Previous studies found that a small DC electrical current could attract anions to the anode in sandy soil, even with solute flow towards the cathode. Laboratory experiments were conducted in a vertical, partially saturated column with different soils to determine if nitrate transport could similarly be controlled using electrokinetic (EK) technology. Nitrate concentration, pH value, electrical potential difference, and soil water content were measured for three soils at selected times at different distances from the anode. Constant electrical current was applied to the system for 9 h, and measurements continued for a total of 48 h. The results demonstrated that nitrate can be strongly retained near the anode against gravity in sandy soil with an 80 mA (0.5 mA/cm2) current input. When the percentage of clay in the soil was increased, the EK effect on ion movement decreased; the transport of both ions and water were inhibited by fine clay particles. The loamy soil showed a slight increase in nitrate concentration near the anode, but the clayey soil showed no change.
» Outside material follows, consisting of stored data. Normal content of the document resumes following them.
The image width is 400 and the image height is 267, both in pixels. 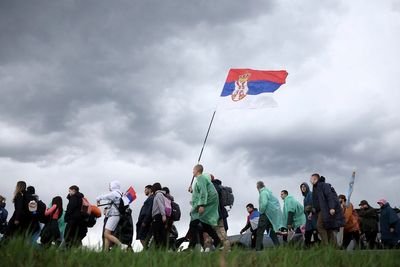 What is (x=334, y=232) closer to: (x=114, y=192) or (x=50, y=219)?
(x=114, y=192)

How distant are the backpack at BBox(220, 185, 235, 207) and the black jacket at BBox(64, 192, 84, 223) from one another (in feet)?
10.3

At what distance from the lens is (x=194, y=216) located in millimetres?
10930

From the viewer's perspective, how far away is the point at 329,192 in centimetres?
1113

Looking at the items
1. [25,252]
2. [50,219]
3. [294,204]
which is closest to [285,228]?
[294,204]

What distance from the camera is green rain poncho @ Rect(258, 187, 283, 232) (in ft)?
40.2

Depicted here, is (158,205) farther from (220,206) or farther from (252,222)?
(252,222)

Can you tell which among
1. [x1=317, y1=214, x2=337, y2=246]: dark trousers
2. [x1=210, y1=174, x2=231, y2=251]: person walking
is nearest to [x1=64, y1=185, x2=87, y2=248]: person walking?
[x1=210, y1=174, x2=231, y2=251]: person walking

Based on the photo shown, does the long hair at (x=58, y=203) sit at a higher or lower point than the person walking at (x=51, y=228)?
higher

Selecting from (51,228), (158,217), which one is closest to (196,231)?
(158,217)

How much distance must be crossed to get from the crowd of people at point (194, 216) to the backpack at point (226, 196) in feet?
0.08

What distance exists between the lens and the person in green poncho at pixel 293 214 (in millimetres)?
14016

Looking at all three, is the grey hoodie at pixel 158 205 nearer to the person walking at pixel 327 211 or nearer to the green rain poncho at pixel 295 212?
the person walking at pixel 327 211

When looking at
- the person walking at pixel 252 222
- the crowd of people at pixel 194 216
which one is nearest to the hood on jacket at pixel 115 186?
the crowd of people at pixel 194 216

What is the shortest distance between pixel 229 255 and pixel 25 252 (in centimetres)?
244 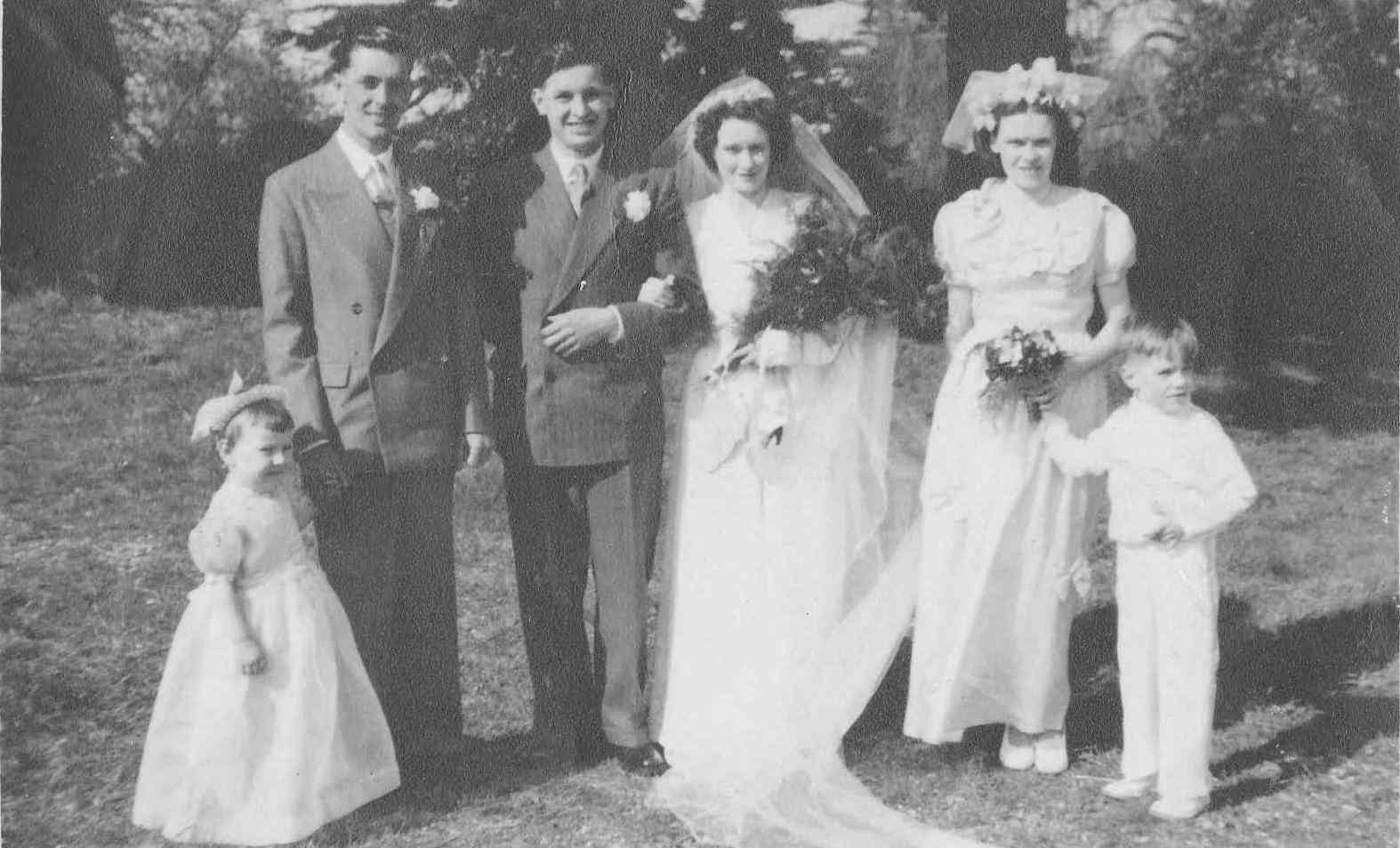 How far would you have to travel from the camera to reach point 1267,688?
5551 mm

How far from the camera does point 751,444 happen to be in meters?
4.51

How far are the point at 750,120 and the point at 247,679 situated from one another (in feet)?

An increase in pH near the cathode was seen in all soils. Water content for sandy soil was higher at the bottom of the column and lower at the top of the column, but for loam and clay soils, the lowest water content was found above the cathode near the bottom of the column. Electrical potential difference between the two electrodes showed that the sandy soil required the highest electrical potential difference to obtain the desired current level; loamy and clayey soils required less. For sandy soil, the highest potential difference was found near the top of the column, but for loam and clay soils, the highest electrical potential difference was measured near the bottom, next to the cathode, suggesting that these locations were the critical zones limiting electrical ion transport.